Que la mafia montréalaise soit une organisation puissante aux activités diverses - importation et distribution de drogues, blanchiment d'argent, bookmaking, exportation de marijuana, vol de marchandises, prêt usuraire, arnaques par télémarketing, fraude fiscale, etc. -, cela ne fait aucun doute. Ce qui est plus surprenant, voire totalement inadmissible, c'est que l'état actuel de notre droit oblige un juge à accorder des réductions de peine à des criminels aussi notoires et endurcis que le parrain de la mafia montréalaise. Cette pratique, c'est notre conviction au Bloc québécois, est de nature à déconsidérer l'administration de la justice et à contribuer à la perte de confiance de nos concitoyens envers le fonctionnement de l'appareil judiciaire.

On se rappellera qu'en juin 2007, le Bloc québécois avait proposé un certain nombre de mesures pour rendre l'administration de la justice moins complaisante à l'endroit des membres des organisations criminelles. Parmi les mesures les plus importantes, le Bloc québécois proposait:

l'abolition de la libération conditionnelle quasi automatique au seizième de la peine;

assujettir la libération d'office (qui survient après que le détenu ait purgé les deux tiers de sa sentence) aux principes du mérite et au caractère probant de la réhabilitation et non pas en faire un quasi automatisme; (...)

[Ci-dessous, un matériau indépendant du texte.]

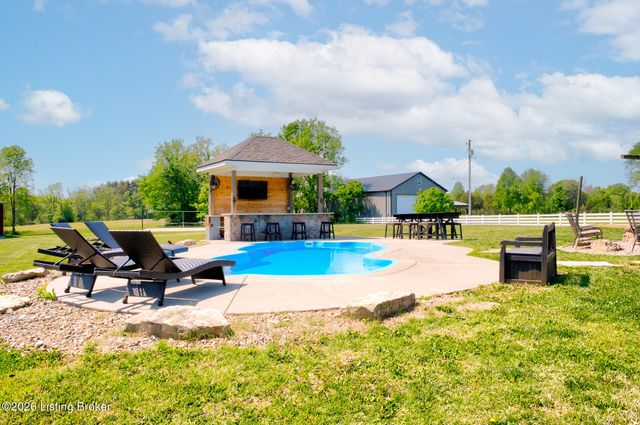 7310 Mount Washington Rd, Louisville, KY 40229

modifier le Code criminel afin que le temps passé en détention avant procès ne compte plus comme du temps double lors de la réduction de la peine, mais comme du temps simple. Cette mesure proposée par le Bloc aurait donné un sens différent au dernier procès de la mafia montréalaise et au temps de détention réelle des six personnes accusées.

Temps passé en détention

Les six membres de la mafia montréalaise ont tous bénéficié des dispositions du Code criminel (articles 719 à 721) qui permettent de réduire le temps passé en détention avant procès comme du temps soustrait en double de la peine qui reste à purger. Cela veut dire en clair pour chacun des mafiosi:

Nicolo Rizzuto, accusé de gangstérisme et de possession de produits de la criminalité, a été condamné en 2008 à une peine de quatre ans. Mais comme il a été arrêté en 2006, il a ainsi bénéficié d'une réduction de peine de quatre ans et il a été libéré dès 2008;

Paolo Renda, accusé de gang-stérisme et de possession de produits de la criminalité, a été condamné à six ans d'emprisonnement. On réduit quatre ans à sa peine. Il lui reste donc deux ans à purger;

Rocco Sollecito a été accusé de gangstérisme, de possession de produits de la criminalité et de complot. Il a été condamné à huit ans d'emprisonnement, mais on soustrait quatre ans pour détention avant procès. Il lui reste donc quatre ans à purger;

Francesco Del Balso, Francesco Arcadi et Lorenzo Giordano, accusés de gang-stérisme, de possession de produits de la criminalité, de complot, etc., ont chacun été condamnés à 15 ans d'emprisonnement. On soustrait quatre ans, il leur reste 11 ans à purger.

Si la proposition du Bloc québécois devenait une mesure législative, le chef de la mafia montréalaise serait toujours derrière les barreaux pour la prochaine année et chacun de ses acolytes verrait son temps de détention réelle prolongé de deux ans.

Au lieu de s'entêter à imposer des peines minimales obligatoires dont l'efficacité est remise en cause, de réformer le système de justice pénale pour les adolescents qui produit de bons résultats, ne serait-il pas plus urgent et souhaitable d'éliminer la réduction du «temps double», mesure qui profite à n'en pas douter aux criminels les plus notoires?

L'auteur est député de Hochelaga et porte-parole du Bloc québécois en matière de justice.